As Volkamer notes, aerosols can cool the planet by reflecting a portion of the incoming sunlight back into space and by potentially increasing cloud cover.

Aerosols can be formed by chemical reactions. Volkamer notes that reactive chemical components modify the aerosols’ likelihood of bonding with water-vapor molecules.

Certain gases lead to the growth of larger aerosol particles, which mask some of the warming effect of greenhouse gases, he adds. “Chemistry is at the interface of these reactions and climate effects.”

As for glyoxal and iodine oxide, “Here we have these reactive gases that have the ability to form aerosols, and we need to do more research to understand the relationship between aerosols and cloud formation.”

Volkamer underscores the need for long-term measurements of glyoxal and iodine oxide over the remote ocean.

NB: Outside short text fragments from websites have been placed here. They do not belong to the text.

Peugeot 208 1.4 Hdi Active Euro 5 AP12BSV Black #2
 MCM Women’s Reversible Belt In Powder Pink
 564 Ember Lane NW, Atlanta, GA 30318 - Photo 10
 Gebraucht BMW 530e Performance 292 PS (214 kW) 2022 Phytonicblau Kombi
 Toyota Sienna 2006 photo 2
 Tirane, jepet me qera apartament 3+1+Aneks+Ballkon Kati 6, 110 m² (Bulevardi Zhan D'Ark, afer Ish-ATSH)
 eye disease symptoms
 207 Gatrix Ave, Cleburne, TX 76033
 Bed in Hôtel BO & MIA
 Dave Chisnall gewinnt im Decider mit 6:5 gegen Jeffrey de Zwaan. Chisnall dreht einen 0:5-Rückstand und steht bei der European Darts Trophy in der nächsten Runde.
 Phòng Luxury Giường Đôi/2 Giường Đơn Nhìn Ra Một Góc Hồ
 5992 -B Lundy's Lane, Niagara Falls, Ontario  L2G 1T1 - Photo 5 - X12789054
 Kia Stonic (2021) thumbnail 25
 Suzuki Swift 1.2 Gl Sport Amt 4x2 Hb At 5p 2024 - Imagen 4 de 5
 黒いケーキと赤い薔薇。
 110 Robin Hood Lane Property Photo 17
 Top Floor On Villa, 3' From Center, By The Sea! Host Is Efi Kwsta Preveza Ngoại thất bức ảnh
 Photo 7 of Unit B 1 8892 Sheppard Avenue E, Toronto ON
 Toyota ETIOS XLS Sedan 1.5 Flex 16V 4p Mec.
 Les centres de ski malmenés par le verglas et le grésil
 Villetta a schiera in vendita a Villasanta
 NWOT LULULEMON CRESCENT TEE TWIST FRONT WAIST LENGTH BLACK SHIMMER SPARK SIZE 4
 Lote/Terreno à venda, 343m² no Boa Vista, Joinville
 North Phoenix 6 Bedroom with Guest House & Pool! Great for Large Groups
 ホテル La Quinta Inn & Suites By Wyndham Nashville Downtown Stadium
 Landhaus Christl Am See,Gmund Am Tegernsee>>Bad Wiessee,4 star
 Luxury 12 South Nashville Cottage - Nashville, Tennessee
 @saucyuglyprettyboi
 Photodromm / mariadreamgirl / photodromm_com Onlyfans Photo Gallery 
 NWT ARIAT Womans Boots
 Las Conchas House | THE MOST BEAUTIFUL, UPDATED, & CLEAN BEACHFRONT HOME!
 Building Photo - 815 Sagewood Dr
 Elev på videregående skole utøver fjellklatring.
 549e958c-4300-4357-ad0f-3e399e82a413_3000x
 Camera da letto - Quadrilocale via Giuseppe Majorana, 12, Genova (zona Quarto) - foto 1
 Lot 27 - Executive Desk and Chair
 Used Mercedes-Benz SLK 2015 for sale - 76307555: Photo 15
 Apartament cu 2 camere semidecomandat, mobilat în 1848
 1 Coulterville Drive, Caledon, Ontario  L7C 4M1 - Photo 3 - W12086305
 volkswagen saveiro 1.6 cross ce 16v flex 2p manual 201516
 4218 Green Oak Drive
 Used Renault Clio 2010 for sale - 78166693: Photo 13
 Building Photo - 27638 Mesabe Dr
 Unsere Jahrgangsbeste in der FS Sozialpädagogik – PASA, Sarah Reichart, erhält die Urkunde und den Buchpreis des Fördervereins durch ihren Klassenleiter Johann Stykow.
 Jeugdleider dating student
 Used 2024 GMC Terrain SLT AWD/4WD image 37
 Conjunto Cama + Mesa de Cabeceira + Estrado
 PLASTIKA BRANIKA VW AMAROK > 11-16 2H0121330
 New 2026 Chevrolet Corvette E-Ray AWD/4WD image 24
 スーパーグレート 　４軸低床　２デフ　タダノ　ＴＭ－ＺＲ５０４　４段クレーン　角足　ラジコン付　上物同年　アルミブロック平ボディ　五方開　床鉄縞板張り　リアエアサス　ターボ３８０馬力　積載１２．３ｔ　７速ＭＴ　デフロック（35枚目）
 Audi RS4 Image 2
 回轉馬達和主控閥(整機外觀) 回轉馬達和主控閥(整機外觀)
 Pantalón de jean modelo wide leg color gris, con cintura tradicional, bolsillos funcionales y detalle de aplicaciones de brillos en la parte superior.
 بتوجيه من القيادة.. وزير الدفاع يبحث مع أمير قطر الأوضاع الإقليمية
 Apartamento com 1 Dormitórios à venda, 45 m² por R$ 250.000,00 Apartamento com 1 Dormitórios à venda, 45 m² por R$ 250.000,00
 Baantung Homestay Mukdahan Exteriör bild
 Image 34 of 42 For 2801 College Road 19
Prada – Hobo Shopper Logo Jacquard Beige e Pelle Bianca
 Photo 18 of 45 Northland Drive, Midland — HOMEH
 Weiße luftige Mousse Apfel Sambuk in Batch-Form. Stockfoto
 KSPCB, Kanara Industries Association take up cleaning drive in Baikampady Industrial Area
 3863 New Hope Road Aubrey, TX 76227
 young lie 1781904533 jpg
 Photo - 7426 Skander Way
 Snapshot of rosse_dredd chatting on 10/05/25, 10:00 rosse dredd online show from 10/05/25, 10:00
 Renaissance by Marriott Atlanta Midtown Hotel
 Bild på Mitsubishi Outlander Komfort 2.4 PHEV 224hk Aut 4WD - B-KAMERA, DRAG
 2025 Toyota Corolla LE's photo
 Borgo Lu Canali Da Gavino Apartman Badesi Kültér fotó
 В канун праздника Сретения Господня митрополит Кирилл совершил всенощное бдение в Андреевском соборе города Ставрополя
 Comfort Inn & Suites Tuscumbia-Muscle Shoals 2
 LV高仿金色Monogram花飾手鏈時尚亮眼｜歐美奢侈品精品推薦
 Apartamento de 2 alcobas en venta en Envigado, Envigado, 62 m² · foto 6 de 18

While his team’s findings are a first, they are essentially a snapshot in time. Global levels of carbon dioxide and other greenhouse gases, on the other hand, have been carefully monitored for more than five decades.

Volkamer’s observations were made with a ship-borne device called the CU Ship Multi-Axis Differential Optical Absorption instrument. That instrument was built in the Volkamer lab and was tested on top of Folsom Field’s skyboxes on the CU-Boulder campus.

As it happened, the U.S. Research Vessel Ron Brown was conducting a field experiment funded by the National Science Foundation in the Eastern tropical Pacific Ocean between October 2008 and January 2009, and Volkamer was allowed to affix his instrument to the ship during its journey.

The NOAA Research Vessel Ronald H. Brown is shown with an inset of the Volkamer team's SMAX-DOAS instrument, which was built and tested at CU. Photo courtesy of Rainer Volkamer.

The Volkamer lab built a similar, related instrument—the Airborne Multi-Axis Differential Absorption Spectroscopy instrument—which flew on the wing of an NSF plane in January 2010 and made the first observations from the air of glyoxal and iodine oxide over the remote ocean.

Before Volkamer’s confirmation of these potentially climate-relevant gases, satellite observations had shown some (but inconsistent) evidence that glyoxal might exist over the remote ocean. The satellites’ data were not conclusive, however, and different satellites gave different answers as to the glyoxal abundance for reasons that are still to be understood.

Volkamer’s work was funded by the NSF and by lab-startup funds from the university. Volkamer is also a fellow in the CU Cooperative Institute for Research in Environmental Sciences.